What the AI Sommelier Debate Gets Wrong — And the Much Bigger Opportunity It's Missing
A recent episode of a wine podcast we follow got us thinking.
The hosts spent nearly 20 minutes debating whether AI is coming for the sommelier's job — and whether that's a good or bad thing for wine culture. It's a real conversation worth having. But it's also a conversation happening entirely inside one very specific room.
TL;DR
* The AI-in-wine debate is real and heating up, but it's anchored in a fine dining, big-city frame
* Most wine moments in America happen without a sommelier anywhere nearby
* The real opportunity for AI wine tools isn't displacement, it's access
* Sommy is built for the 95% of wine moments where no expert is available, not the 5% where one already exists
* You don't need a sommelier to be replaced for AI to be useful. You just need one to be absent.

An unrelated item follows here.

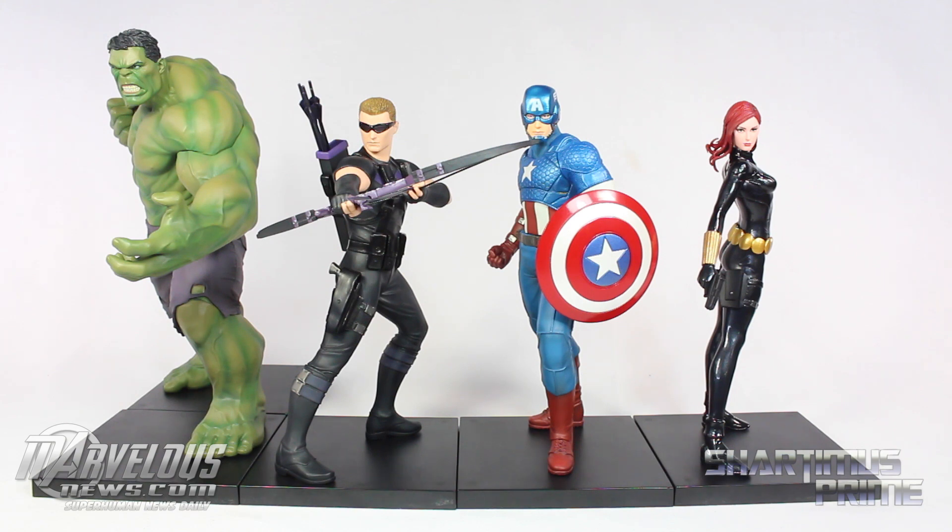So far I really love this as a display piece; I have it set up over here in my studio. Anyway, I hope you guys liked my video. If you did, please hit the like button, leave a comment, subscribe if you haven't already, and check out MarvelousNews.com for the latest in Marvel related news. I'll catch you guys later — peace.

What are wine podcasts actually getting right about AI?
The hosts raised legitimate points. Guests at some restaurants already photograph wine lists and run them through ChatGPT or Claude before the sommelier arrives at the table. Wine tech companies are building proprietary AI models trained on their cellar-tracking datasets. The friction around sommelier interactions, the feeling of being judged, the risk of being upsold, the ten-minute conversation you didn't budget for is real, and for some guests, it's why they default to a second cocktail instead of a bottle of wine.
One host put it plainly: if AI removes that friction and gets more wine ordered, then more wine gets ordered. Hard to argue with the math.
The concern about job displacement is also legitimate. The more interesting threat, one host noted, isn't tableside service, it's back-of-house. Operators using AI to build wine lists from scratch, skipping the beverage director hire entirely. If you can upload twenty competitors' wine lists and ask an LLM to synthesize a program that moves volume in your specific market, some restaurant groups will do exactly that. That's not hypothetical. That's Tuesday.
These are real shifts. The podcast conversation is worth having.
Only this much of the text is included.